Interleukin-17A (IL-17A, CTLA-8, IL-17) is a cytokine secreted by activated Th17 cells, CD8+ T cells, γδ T cells and NK cells in response to cytokines such as IL-23 and TGF-β, and regulates production of mediators such as antimicrobial peptides (defensins), proinflamatory cytokines and chemokines from multiple cell types such as fibroblasts and synoviocytes that are involved in neutrophil biology, inflammation, organ destruction and host defense (reviewed in Weaver et al., Annu. Rev. Immunol. 25:821-52, 2007; Aggarwal et al., J. Biol. Chem. 278:1910-4, 2003; Mangan et al., Nature 441:231-4, 2006). IL-17A synergizes with other cytokines, such as TNF-α and IL-1β to potentiate the pro-inflammatory environment.

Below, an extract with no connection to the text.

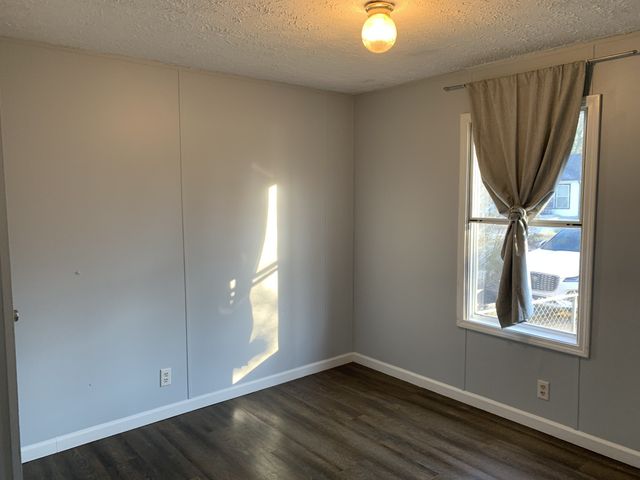 901 E 9th St, Columbia, TN 38401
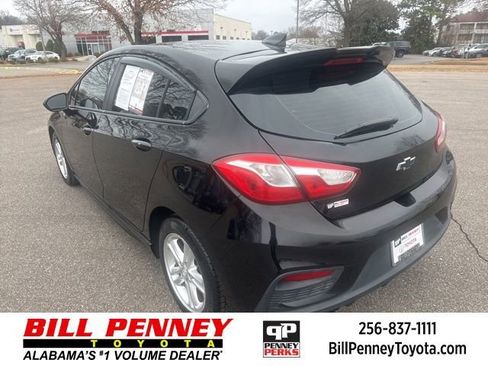 Used 2017 Chevrolet Cruze LT w/ Convenience Package image 3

The IL-17A cytokine family consists of six homologs designated IL-17A, B, C, D, E and F, each with divergent and distinct biological roles (Kawaguchi et al., J. Allergy Clin. Immunol. 114:1265-73, 2004; Kolls and Linden, Immunity 21:467-76, 2004; Moseley et al., Cytokine Growth Factor Rev. 14:155-74, 2003). Of the family members, IL-17F is most homologous to IL-17A and shares many similar functional properties such as induction of neutrophilia in the lung and induction of pro-inflammatory cytokines; however, in man, IL-17F is about 10-fold less potent than IL-17A (Moseley et al., Cytokine Growth Factor Rev. 14:155-74, 2003; Kolls et al., Immunity, 21: 467-76, 2004; McAllister et al., J. Immunol. 175:404-12, 2005). IL-17A and IL-17F can also form heterodimers, which have intermediate bioactivity in vitro (Wright et al., J. Biol. Chem. 282:13447-55, 2007).
IL-17A mediates it effects by interacting with the Interleukin-17 receptor A (IL-17RA) and receptor C (IL-17RC) (Moseley et al., Cytokine Growth Factor Rev. 14:155-74, 2003; Toy et al., J. Immunol. 177:36-9, 2006). IL-17F signals through the same receptors, although IL-17F affinity to the receptors is significantly lower (Kuestner et al., J. Immunol. 179:5462-73, 2007). Crystal structures of human IL-17F and human IL-17F/IL-17RA complex identified a putative receptor-binding cavity in the IL-17F homodimer (Hymowitz et al., EMBO J. 20:5332-41, 2001; Ely et al., Nat. Immunology 10:1245-51, 2009). A similar cavity was identified in the crystal structure of human IL-17A in complex with a neutralizing Fab, although the cavity was partially occupied (Gerhardt et al., J. Mol. Biol. 394:905-21, 2009).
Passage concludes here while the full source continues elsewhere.